The first step is to create a service abstract class, and then sub-classes for the various services to use these as observers to the L3 agent. The base class would have no-op methods for each action that the L3 agent could notify about, and the child classes would implement the ones they’re interested in. Each service will register as an observer.

Currently, the L3 agent (and VPN agent) load the device drivers for services. What can be done in this first step, is, instead of doing the load, a service object can be created. This object would do the loading and register with the L3 agent for notifications.

The child services’ notification handlers will be populated by moving the code in the various agent classes into the new service child classes, and adapt as needed.

Anything more complicated than this should be considered out of the scope of this blueprint.

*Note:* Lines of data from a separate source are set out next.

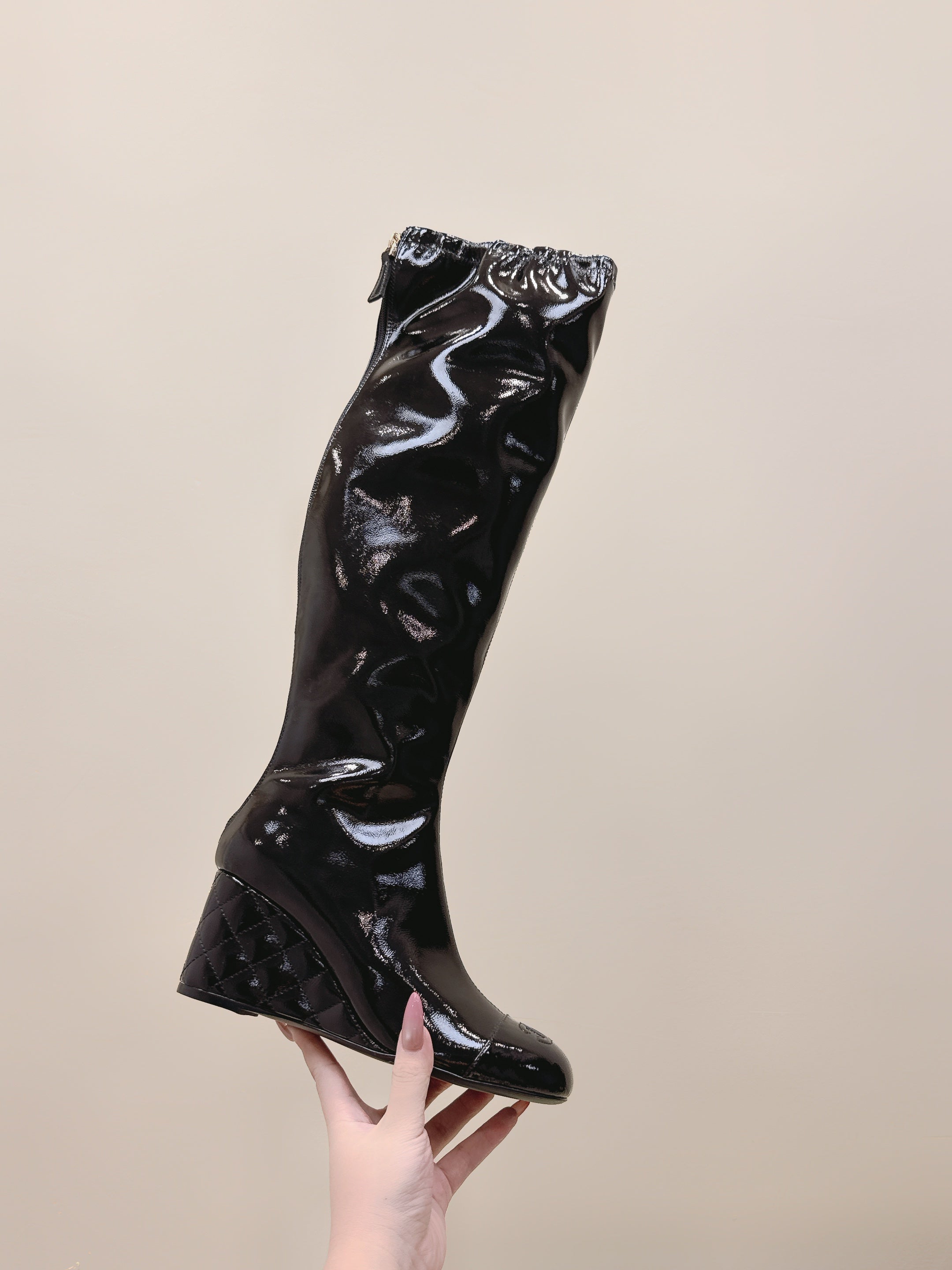 CHANEL 25S KNEE-HIGH BOOTS 60MM IN BLACK PATENT CALFSKIN WEDGE HEELS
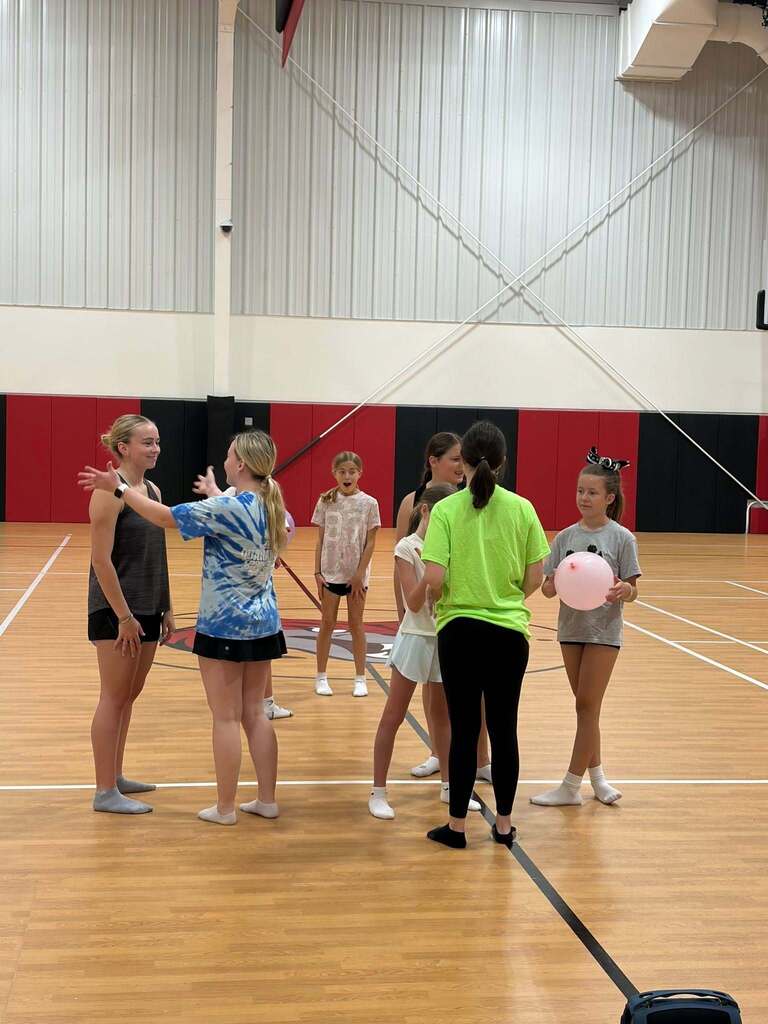 alumni Lilah Zobrist held an “Never Miss the Chance to Dance Camp”for her Senior MND Capstone project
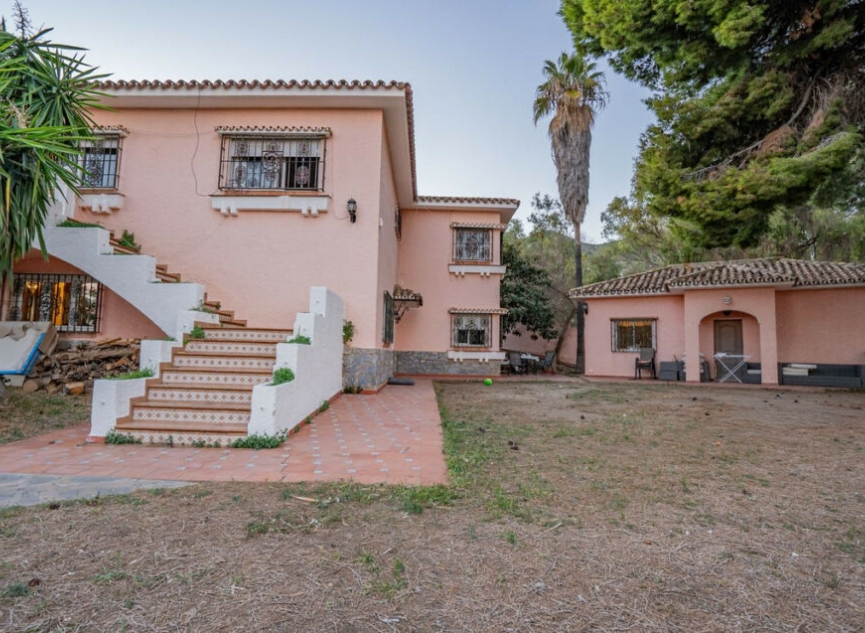 Resale - House -
Benalmadena Pueblo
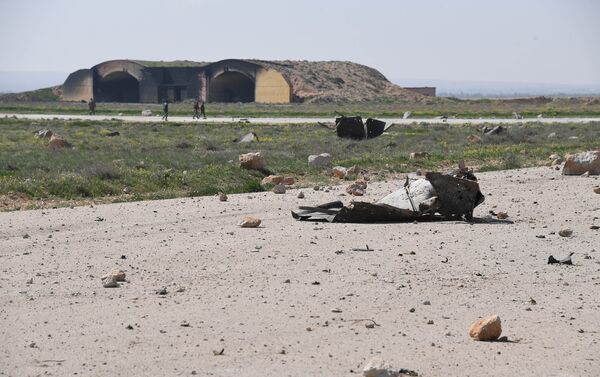 Les conséquences des frappes aériennes contre la base militaire Shayrat en Syrie - Sputnik Afrique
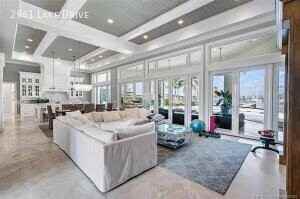 2941 Lake Dr - Photo 3 of 15
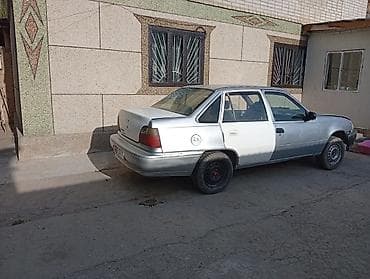 daewoo prince: Daewoo Nexia: 1995 г., Седан — 4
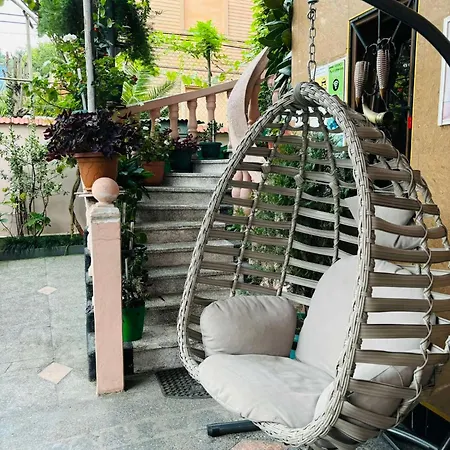 Отель Nana'S House Батуми Экстерьер фото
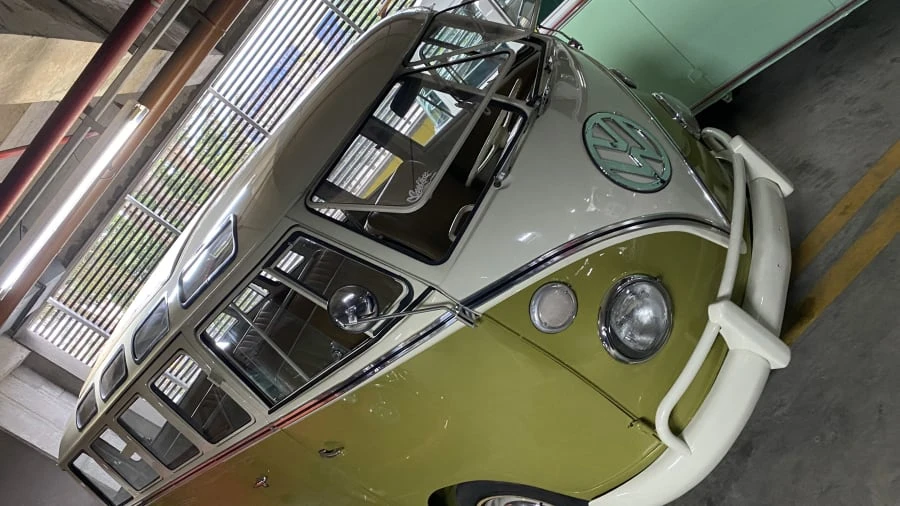 1972 Volkswagen Bay-Window Bus - Image 12 of 26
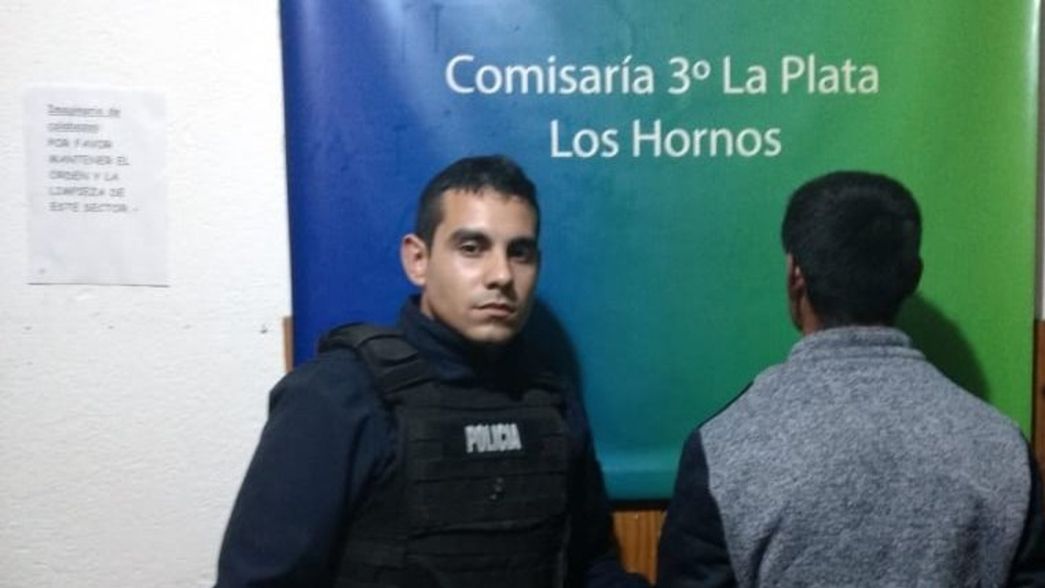 La Policía salvó a una mujer que estaba siendo agredida con un cuchillo por un hombre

Some guidelines for this work:

  1. We don’t need the service abstract class to be perfectly and completely defined in advance. I intend to do this iteratively tackling the services in the order listed above. This means that we don’t review the changes to decouple the metadata proxy with the needs of the VPN agent in mind.

  2. This initial decomposition should be done without changing any configuration or other deployment details. This might mean that we leave, for example, a tiny stub of a VPNAgent class in place.

  3. Initially, the services will get an L3 agent passed in on create, but in the as the blueprint progresses, a router instance can be passed to the service.

DVR Router Class

Everything related to the floating IP namespace that was added for DVR should be encapsulated in a driver for plugging a router in to an external network and handle floating ip setup. This includes the LinkLocalAllocator, dvr specific floating ip processing, fip namespace management, connection of router to fip (rtr_2_fip, fip_2_rtr), _create_dvr_gateway, and the management of proxy arp entries.

HA Router Class

This encapsulation will hide the details related to starting keepalived and creating and using interfaces needed for the HA network on which it communicates.

Resource Lifecycle

The major problem here is that resources are often left lying around beyond their useful lifecycle. Assumptions were made about the reliable availability of the agent, guaranteed ordering and delivery of RPC messages, and other unrealistic guarantees. The new design will account for problems in these areas. No assumptions will be made. This will result in a more robust implementation.

The problem that we’ve had with this is that the agent fails to cleanup resources when they should no longer exist. To address this, I’m thinking of something that supports the following pattern using namespaces as an example:

if full_sync:
    with namespace_manager.prepare_to_clean_up_stale() as nsm:
        for router in all_active_routers:
            nsm.link_router_to_ns_somehow(router)

The __enter__ and __exit__ methods should work together to discover stale namespaces and then clean them up. I’m thinking maybe a namespace object should hold a weak reference to the router that occupies it. When the weak ref goes stale then the namespace can be removed. This pattern is not too different from what exists in the code now since some earlier refactoring that I did. However, this effort will formalize the pattern and abstract it from the rest of the code. Code has been started to illustrate this pattern [2].

The pattern can be applied to other resources such as interfaces inside of a namespace. We have had problems ensuring that those get removed when they are no longer useful as well. For devices and other resources in a router, the active resources would all be marked each time a router is processed. Stale resources are then identified and removed.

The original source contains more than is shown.